* **Exercise aim**: Everything in the entries below must be reproduced exactly, except the images.

═════ Dataset content

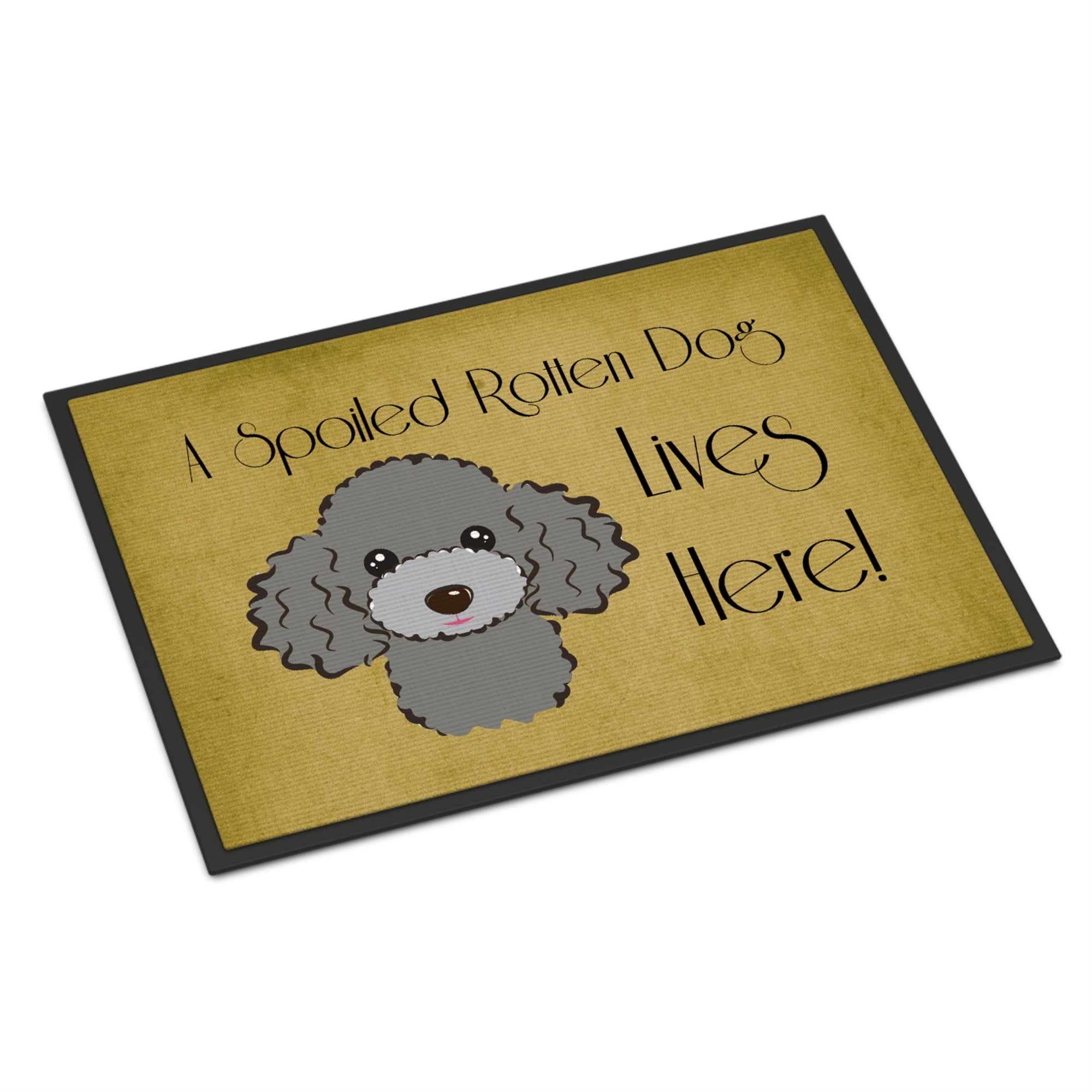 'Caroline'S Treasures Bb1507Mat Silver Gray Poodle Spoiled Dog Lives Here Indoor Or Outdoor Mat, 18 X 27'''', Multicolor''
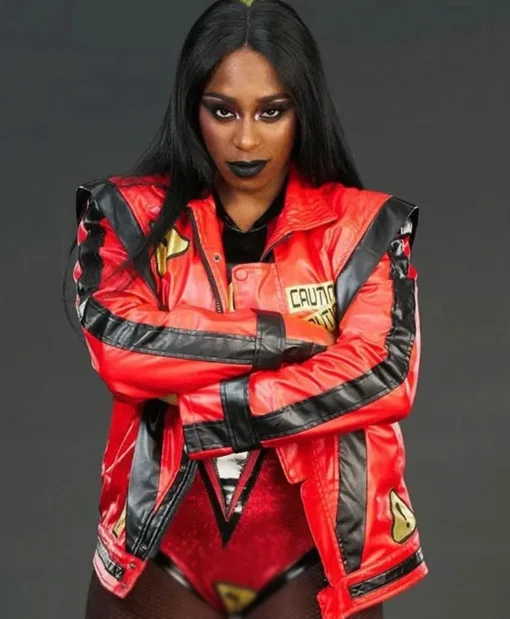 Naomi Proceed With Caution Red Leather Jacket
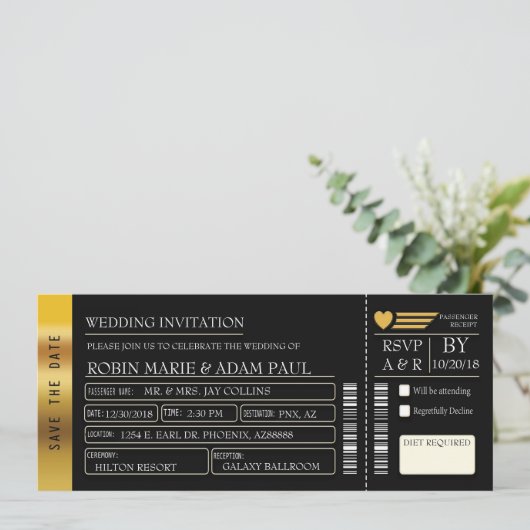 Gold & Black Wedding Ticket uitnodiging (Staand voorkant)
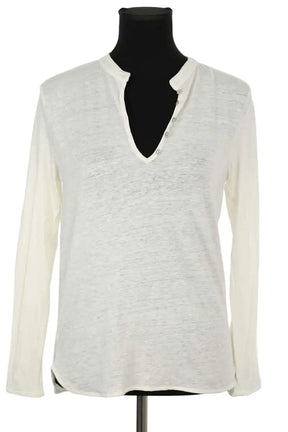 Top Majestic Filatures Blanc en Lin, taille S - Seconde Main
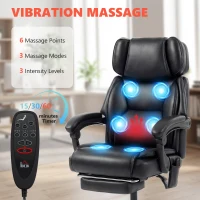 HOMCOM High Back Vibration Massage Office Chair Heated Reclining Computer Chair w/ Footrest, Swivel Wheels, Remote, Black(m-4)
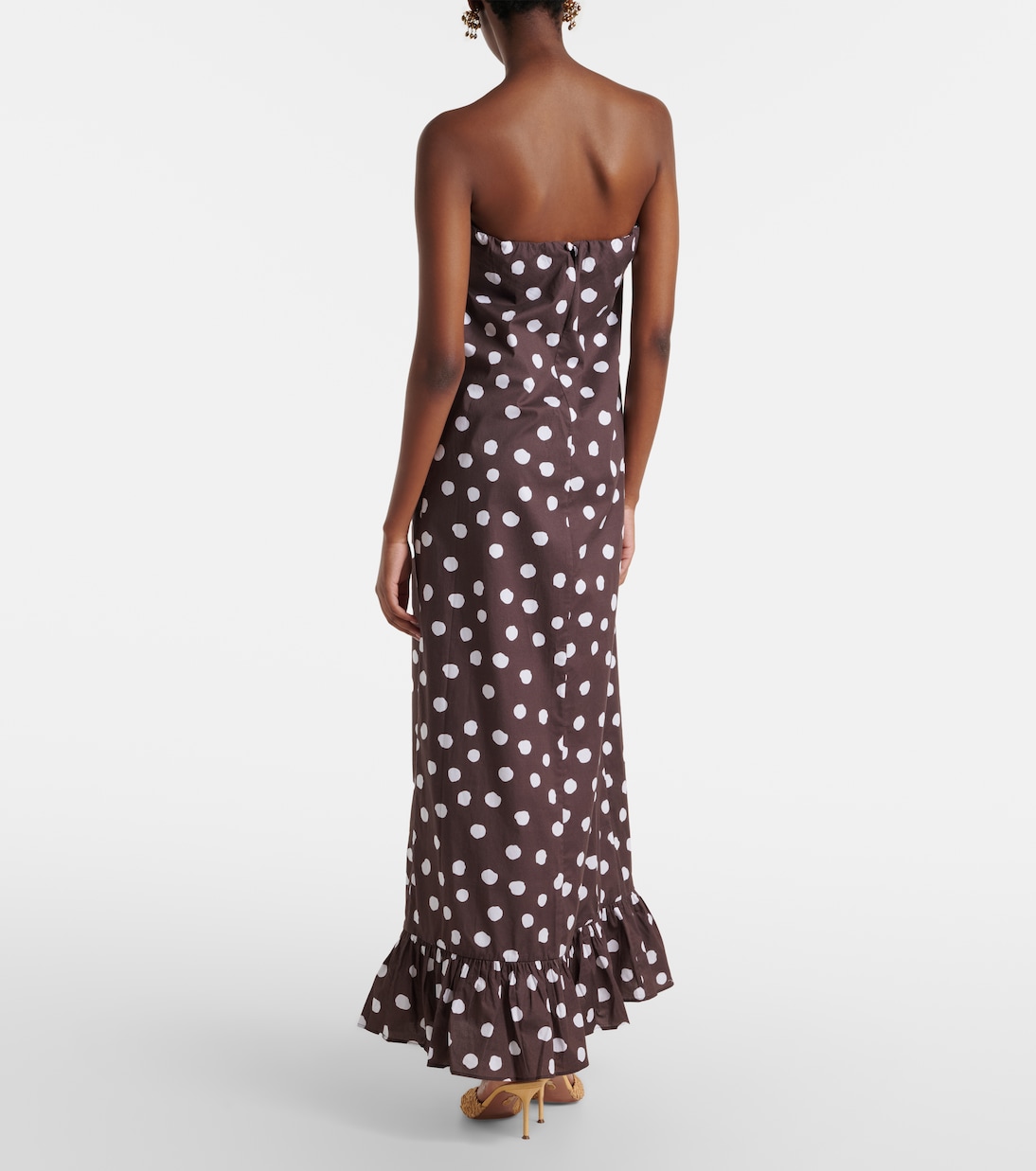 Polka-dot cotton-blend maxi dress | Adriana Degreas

══════════

* **Exercise response**:
 'Caroline'S Treasures Bb1507Mat Silver Gray Poodle Spoiled Dog Lives Here Indoor Or Outdoor Mat, 18 X 27'''', Multicolor''
 Naomi Proceed With Caution Red Leather Jacket
 Gold & Black Wedding Ticket uitnodiging (Staand voorkant)
 Top Majestic Filatures Blanc en Lin, taille S - Seconde Main
 HOMCOM High Back Vibration Massage Office Chair Heated Reclining Computer Chair w/ Footrest, Swivel Wheels, Remote, Black(m-4)
 Polka-dot cotton-blend maxi dress | Adriana Degreas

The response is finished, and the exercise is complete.